A specific example of user interaction might be that a user
searches for the term Britney and receives an ad for a "buy one CD
get one free" for the next week from Best Buy.
[0039] In an alternative embodiment, where the website is a public
site, the public search term entered by the user (e.g., Britney) is
sent to the ad server. The system could then choose to send an even
more targeted add based on the particular musician. For example the
system can use the search term Britney and/or the distribution
partner to choose an ad.
[0040] In another embodiment, The Privacy First system can instead
use dynamic and/or static techniques to choose the best possible
public Web search terms at that moment in time, and sends that
public keyword or set of keywords to the ad server.
[0041] Over time, the Privacy First public keyword database can
collect a series of public search terms entered into public search
engines. As the database grows, so does the ability of Privacy
First to generate relevant ads based on the database. Privacy First
automatically subjects the words in the keyword database to a
number of algorithms, each of which generates some level of bonus
score for every search term or phrase.
[0042] Recency is one of the Privacy First algorithms, and can be
one of the most important. If a user has done a search for a
particular term in the last few minutes (a public search), that
term is assigned a higher recency score then the score used if the
user has not searched for that term in more than an hour. Terms
searched in the last hour are scored higher than terms searched in
the last day, which are scored higher than terms searched in the
last month, etc. The shape of the time versus bonus curve can be
adjusted according to the needs of the user. In one embodiment, the
curve non-linear and decays rapidly with time. Thus, the more
recent the search term, the higher the recency bonus will be.
[0043] Another factor on which algorithms can be based is
frequency. Simply put, frequency measures how often each term has
been searched for, not taking into account how far back in time a
particular term was searched for. Frequency is important because it
indicates to Privacy First the level of interest in a particular
term or area. Frequency and recency have an important interaction.
It is quite possible that terms which are frequently searched for
in the distant past are not very relevant to the user in the
present. Examples of these types of terms are terms associated with
a life event or societal events. If these events happened in the
distant past, even though the search terms were very frequent, the
recency algorithm would factor them down. If these events happened
in the near past, and if the search terms were very frequent, then
Privacy First must look to see if the frequency of such terms has
fallen off dramatically. If it has, it might mean that the event
itself has passed, and that the user is no longer interested in
seeing ads associated with such search terms.
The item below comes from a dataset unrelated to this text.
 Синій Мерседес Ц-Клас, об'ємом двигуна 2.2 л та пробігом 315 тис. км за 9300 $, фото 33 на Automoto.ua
[0044] Another factor is Affinity. Affinity means that certain
words or phrases are typically found in e-mails files or web pages
containing the user's search terms. It would have been very easy
for Privacy First to read through the users' e-mails, files, web
pages, etc. in order to obtain such information. Products such as
Blinkx, may be seen as abusing a user's privacy by performing this
type of processing. For example, Blinkx will read user's e-mails
and files and extract key terms and send those key terms from the
user's private content over the public Internet in order to match
those terms with appropriate web pages, from which keywords have
been previously extracted. Conversely, Privacy First ensures that
the user's private content is never read for the purposes of
advertising, and that no keywords, phrases, or concepts are ever
extracted from the user's private content for any purposes.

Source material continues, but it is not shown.